*Work task:* Please reproduce the entries exactly as they appear below, but not the pictures.

___ Extracted entries ___

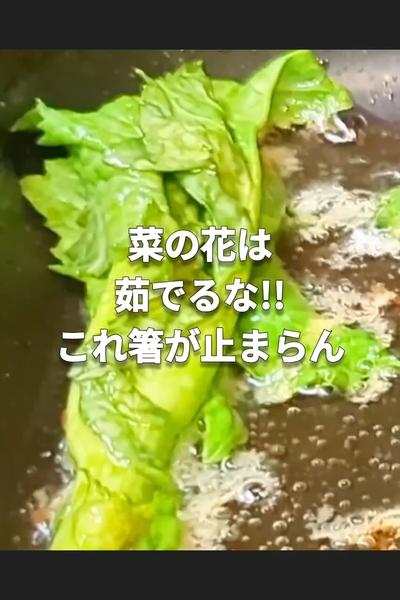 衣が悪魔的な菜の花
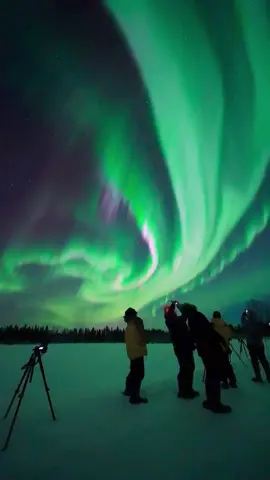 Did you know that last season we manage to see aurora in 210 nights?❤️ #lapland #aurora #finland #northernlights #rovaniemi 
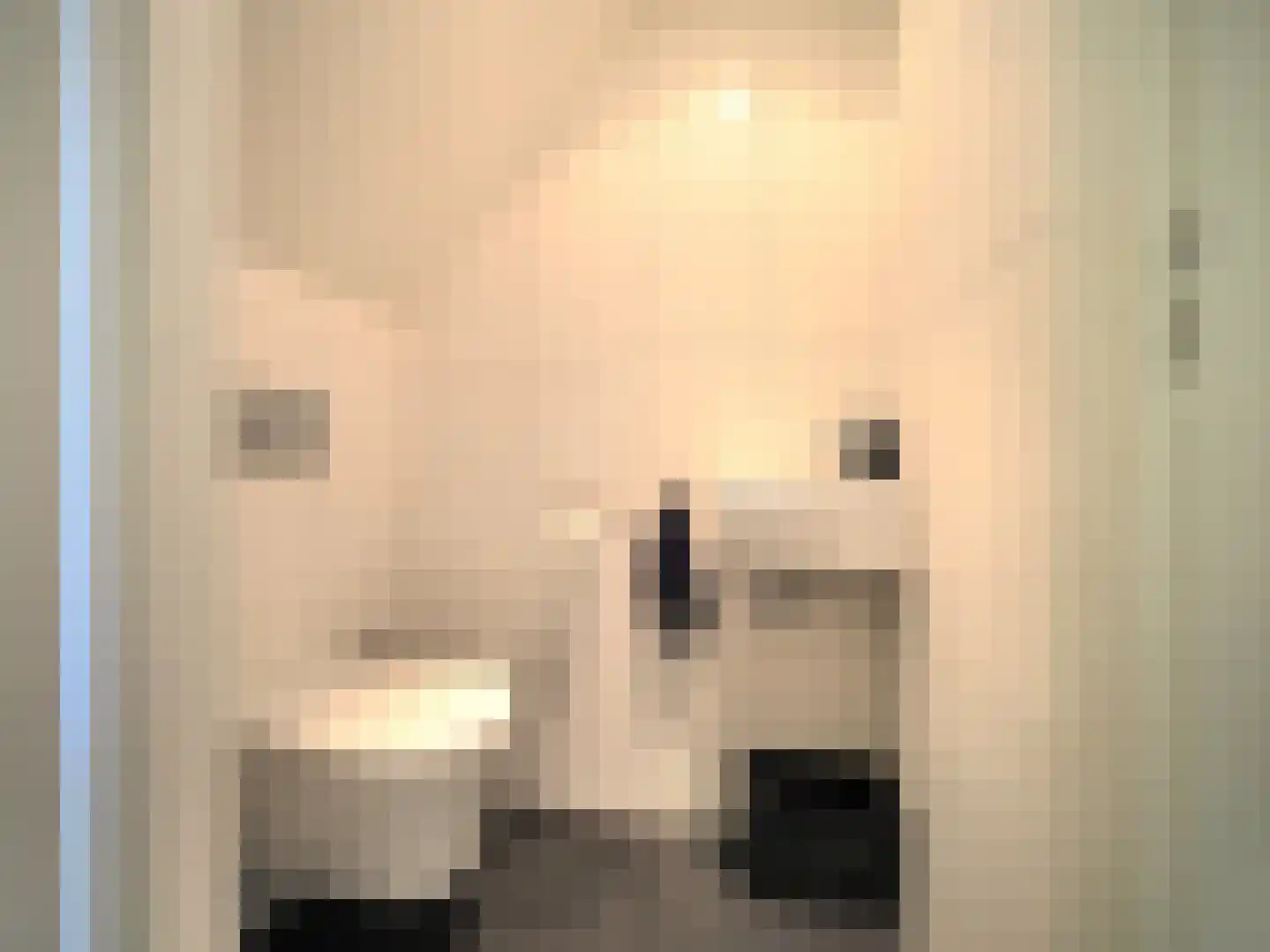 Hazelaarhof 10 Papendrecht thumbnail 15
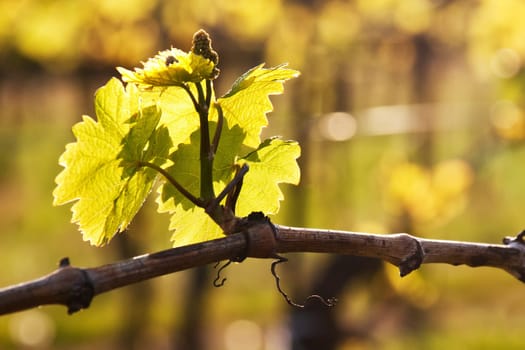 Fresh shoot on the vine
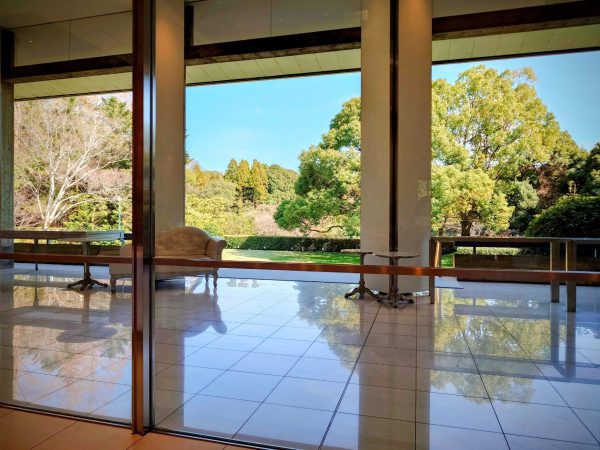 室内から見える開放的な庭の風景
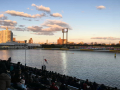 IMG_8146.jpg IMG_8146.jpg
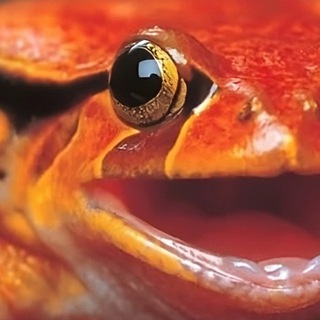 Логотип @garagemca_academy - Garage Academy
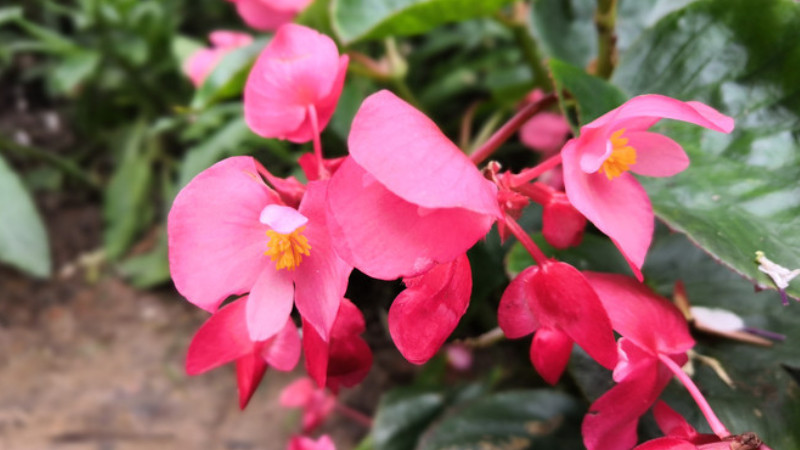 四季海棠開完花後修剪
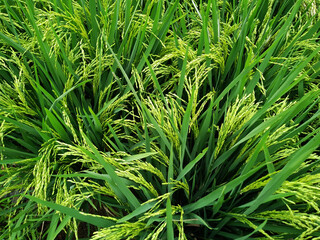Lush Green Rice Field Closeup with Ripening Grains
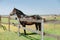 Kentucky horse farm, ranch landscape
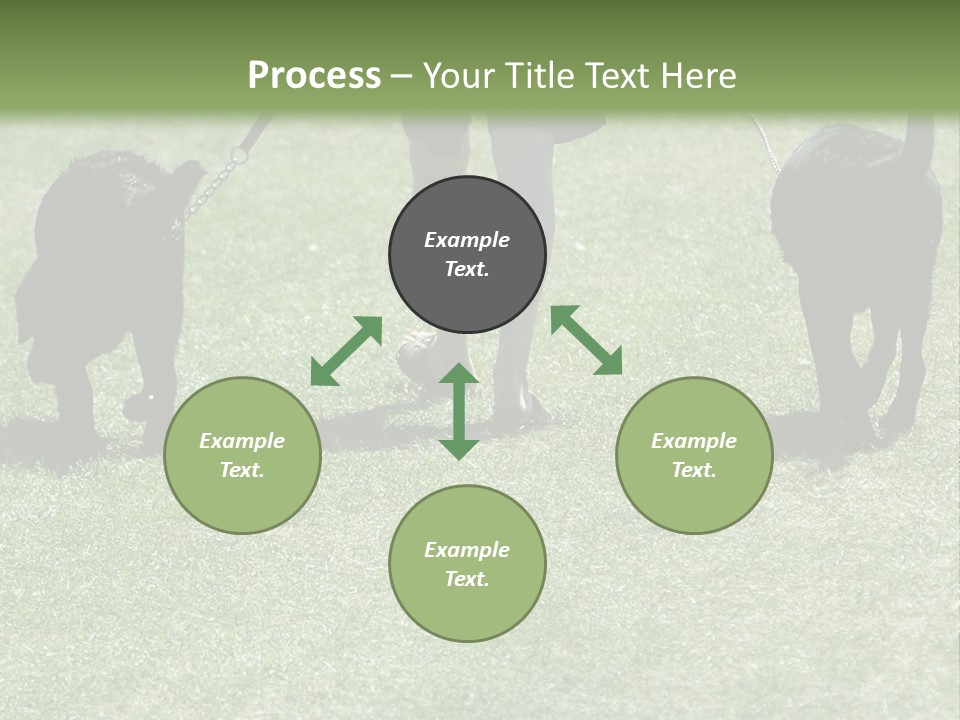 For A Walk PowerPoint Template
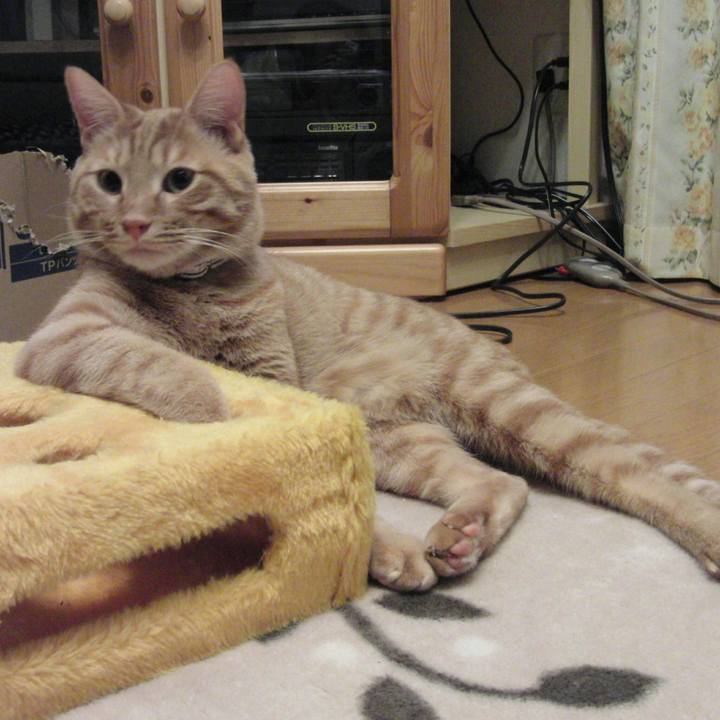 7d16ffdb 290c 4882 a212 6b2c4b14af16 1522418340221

___

*Answer space:*
 衣が悪魔的な菜の花
 Did you know that last season we manage to see aurora in 210 nights?❤️ #lapland #aurora #finland #northernlights #rovaniemi 
 Hazelaarhof 10 Papendrecht thumbnail 15
 Fresh shoot on the vine
 室内から見える開放的な庭の風景
 IMG_8146.jpg IMG_8146.jpg
 Логотип @garagemca_academy - Garage Academy
 四季海棠開完花後修剪
Lush Green Rice Field Closeup with Ripening Grains
 Kentucky horse farm, ranch landscape
 For A Walk PowerPoint Template
 7d16ffdb 290c 4882 a212 6b2c4b14af16 1522418340221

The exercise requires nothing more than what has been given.